Friends of ours have said over the years, "Why don't you write a book about George?"
"We might one day..." our usual answer.
But we had no real intention of doing it. Why? Because George is a pain in the butt. He's also a family member and we've lived with him and taken care of him for more than thirty years. We took care of his brother too, but he died.
George has been through many life adventures with us. I don't know what we'd do without him. I don't know what we do with him either. He's just there -- for weddings, funerals, parties, economic and tropical depressions -- he actually rode out Hurricane Charley in our kitchen without one single comment.

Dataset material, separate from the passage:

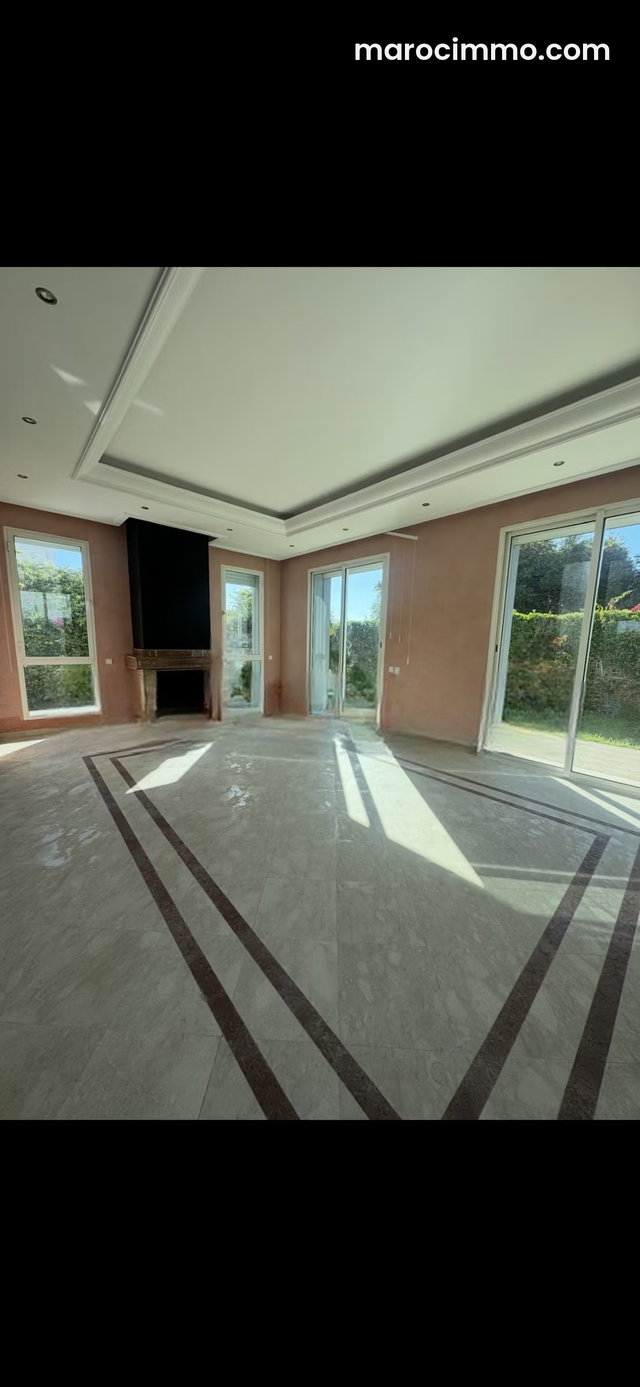 Villa for sale near the Belgian School – Excellent exposure — 2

But the other day when Lorry was wondering what to make for dinner and was saying something about it, George looked at her, cocked his head, said, "Need some help?"

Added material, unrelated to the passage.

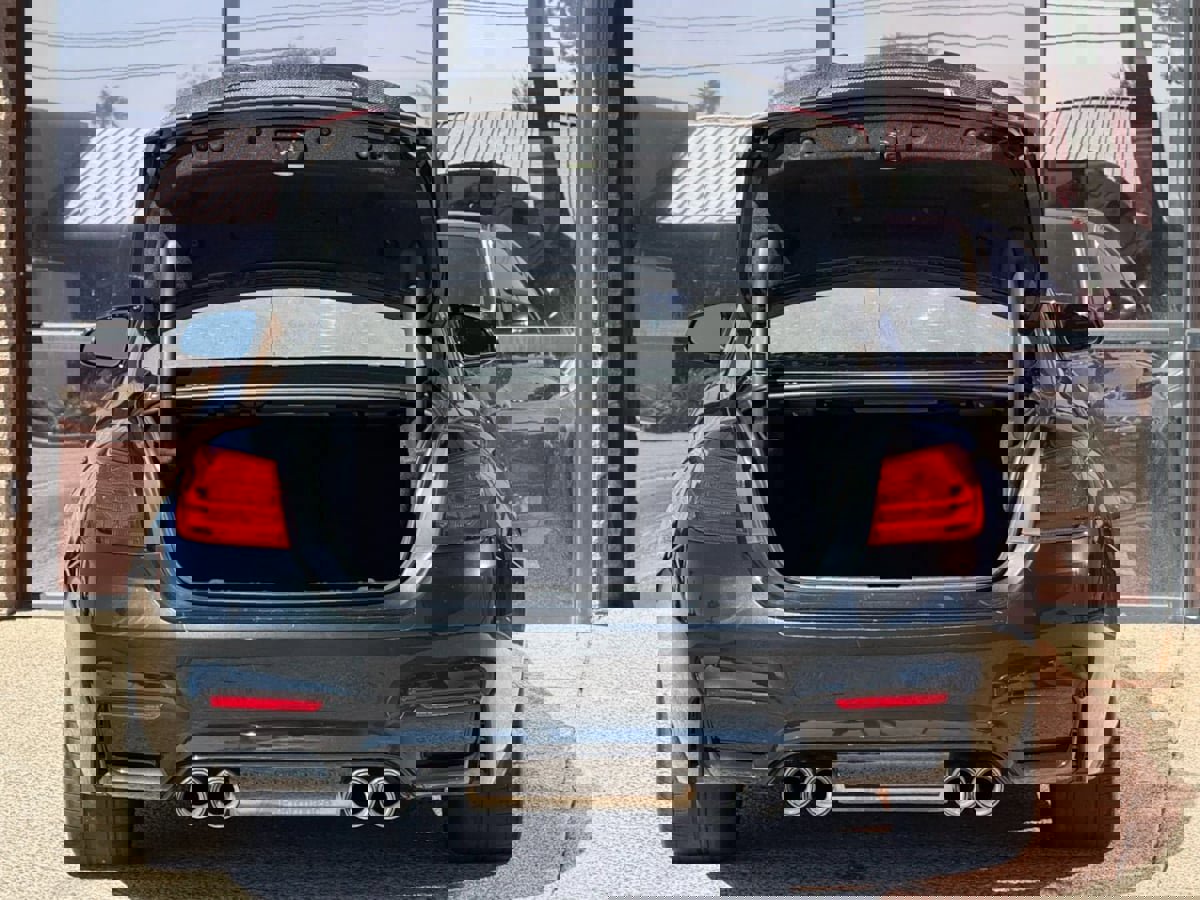 Used 2017 BMW M4 Coupe image 31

For a Blue-fronted Amazonian parrot, George is a talker who sometimes beats the vocabulary of an African Grey, and they are often considered the most reliably talkative parrots around.

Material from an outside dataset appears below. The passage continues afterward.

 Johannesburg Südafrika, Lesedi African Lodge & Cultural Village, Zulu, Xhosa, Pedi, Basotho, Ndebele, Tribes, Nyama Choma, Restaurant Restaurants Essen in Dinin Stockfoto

George has had many near death experiences and he has noted them verbally. When he was lost in the Florida woods for a dark dismal summer day in which hawks tried to kill him (he hid under palmettos and walked like a dog trying to find his way home), we finally met up with him on the shell road in front of our house, and he glared at me and said, "What took you so long?"
Our new book The Parrot Detective is for anyone who likes animals, reptiles, people, parrots, lizards, turtles, FLORIDA (and that includes crackers, the real kind not the made up variety) and funny stories about boys who grow up with odd family members. The narrator is Miccosukee and he lives on this crazy little barrier island where we live -- Pine Island. This is the first in a series of mysteries about our island. The next one will have more unaccountable mischief in it and more GEORGE, because that's what you asked for... literally. Kids and old timers and just about everybody else, including George himself -- he just now walked into our office! -- said, "Stop writing other stuff!" So there he is right now sitting on the Great Dane's bed. I think that's a smile on his beak.